A Novel Locally Linear KNN Method With Applications to Visual Recognition

• Published in: IEEE transaction on neural networks and learning systems Vol. 28; no. 9; pp. 2010 - 2021
• Main Authors: Liu, Qingfeng, Liu, Chengjun
• Format: Journal Article
• Language: English
• Published: United States IEEE 01.09.2017; The Institute of Electrical and Electronics Engineers, Inc. (IEEE)
• Subjects: An ideal representation; Bayesian analysis; Classifiers; coefficients’ truncating method; Comparative analysis; Computer applications; Computing time; Decision analysis; Decision theory; Dictionaries; Encoding; Error analysis; Face recognition; Feature extraction; improved marginal Fisher analysis (IMFA); LLK-based classifier (LLKc); locally linear K Nearest Neighbor (LLK) method; locally linear nearest mean-based classifier (LLNc); Moving object recognition; nonnegative constraint; Object recognition; Objective function; Pattern recognition; Regularization; Representations; Robustness; Theoretical analysis; Training; Visualization
• ISSN: 2162-237X; 2162-2388
• DOI: 10.1109/TNNLS.2016.2572204

A locally linear K Nearest Neighbor (LLK) method is presented in this paper with applications to robust visual recognition.
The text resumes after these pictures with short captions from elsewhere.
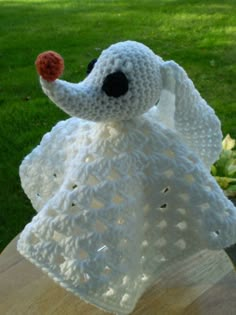 a white crocheted stuffed animal with an apple in it's mouth sitting on top of a wooden table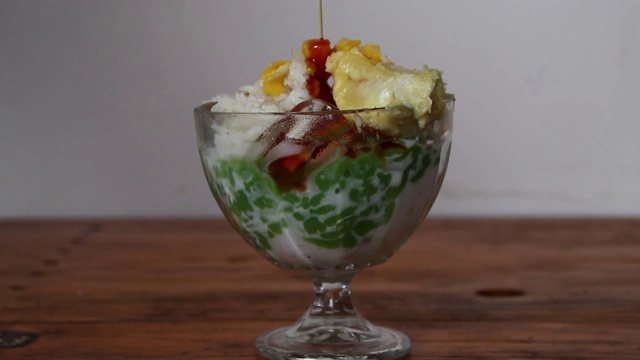 喝一种cendol dawet糯米饭，里面浸有甜的棕榈糖视频素材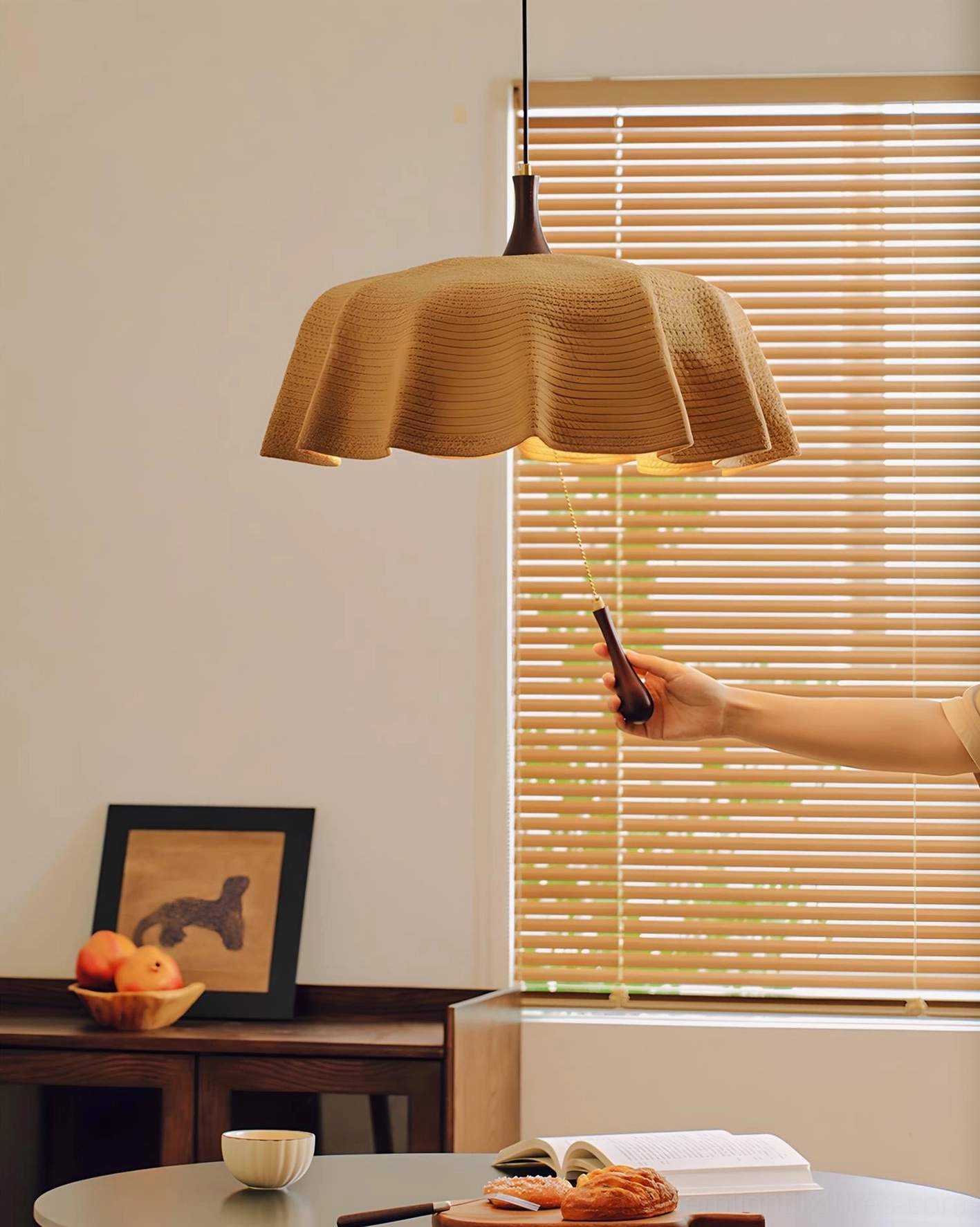 Drapelle textile pendant shade hanging in contemporary home with natural light ambiance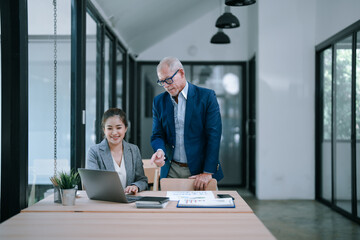 Senior manager pointing at laptop screen coaching young businesswoman working together discussing graphs and charts in modern office. Teamwork. Collaboration. Mentorship. Leadership. Business strategy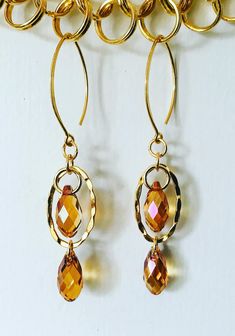 Elegant, minimalist cognac, floating faceted crystal pendant earrings. Handmade 24k gold vermeil over sterling silver findings with Swarovski Crystal Teardrop elements on horse eye ear wires. Lightweight, elegant ear candy with a pop of floating crystal magic. Love creating with Swarovski elements! ♥️  Uniquely designed by me!💎 Thanks for stopping by! 🙏🌸 Elegant Gold Faceted Crystal Earrings, Gold Faceted Crystal Earrings For Gift, Gold Faceted Crystal Earrings For Anniversary, Gold Faceted Drop Earrings, Gold Faceted Dangle Crystal Earrings, Gold Drop Earrings With Faceted Details, Modern Gold Briolette Earrings, Gold Faceted Earrings For Anniversary, Nickel-free Gold Drop Crystal Earrings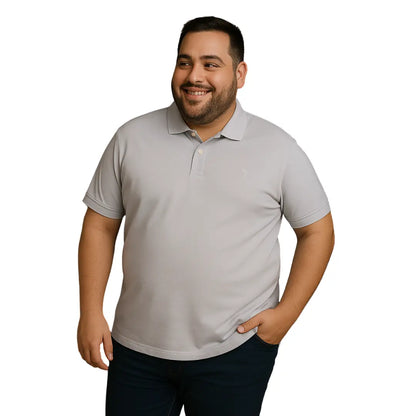 Modelo de complexión robusta sonriendo con polo Dubrovnik color gris perla en talla extra, destacando el ajuste cómodo en hombros y el escudo bordado a tono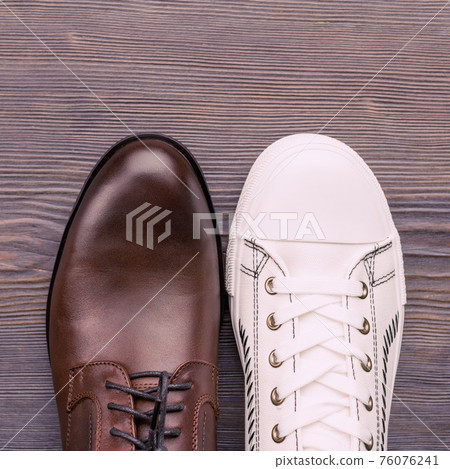 Men's classic brown shoes and white sneakers on a wooden background. Top view Men's classic brown shoes and white sneakers on a wooden background. Top view 76076241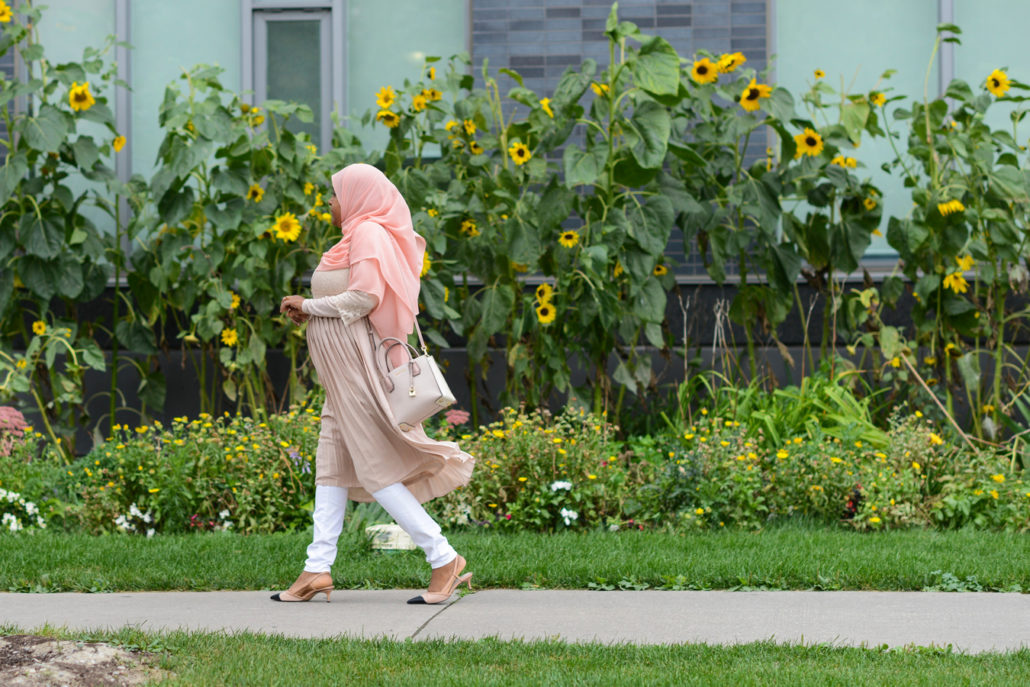Sureya walking on a sidewalk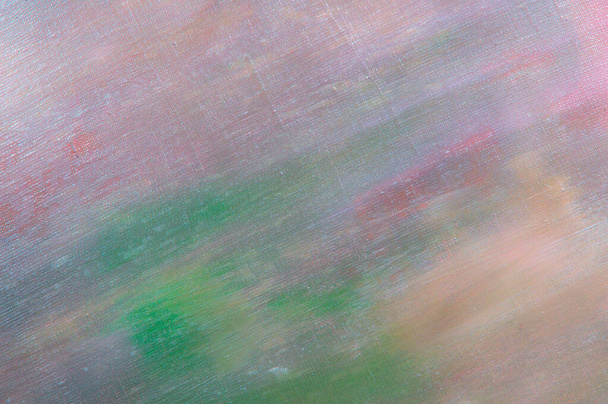 fond créatif abstrait coloré toile de lin brut inégalement recouvert d'apprêts multicolores, reflets de lumière. Tonifiant, flou, focalisation sélective. Objet temporaire.  - Photo, image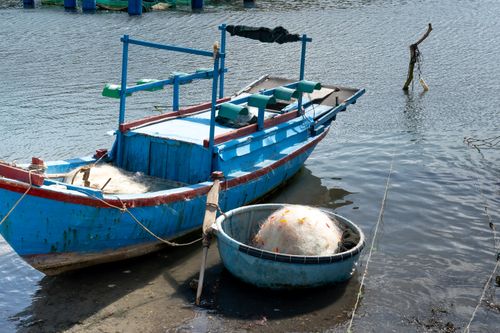Free Vibrant blue fishing boat moored with nearby coracle and fishing net on a calm water body. Stock Photo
Specifically, the concept of an ideal representation is first presented, which improves upon the traditional sparse representation in many ways. The objective function based on a host of criteria for sparsity, locality, and reconstruction is then optimized to derive a novel representation, which is an approximation to the ideal representation. The novel representation is further processed by two classifiers, namely, an LLK-based classifier and a locally linear nearest mean-based classifier, for visual recognition. The proposed classifiers are shown to connect to the Bayes decision rule for minimum error. Additional new theoretical analysis is presented, such as the nonnegative constraint, the group regularization, and the computational efficiency of the proposed LLK method. New methods such as a shifted power transformation for improving reliability, a coefficients' truncating method for enhancing generalization, and an improved marginal Fisher analysis method for feature extraction are proposed to further improve visual recognition performance. Extensive experiments are implemented to evaluate the proposed LLK method for robust visual recognition. In particular, eight representative data sets are applied for assessing the performance of the LLK method for various visual recognition applications, such as action recognition, scene recognition, object recognition, and face recognition.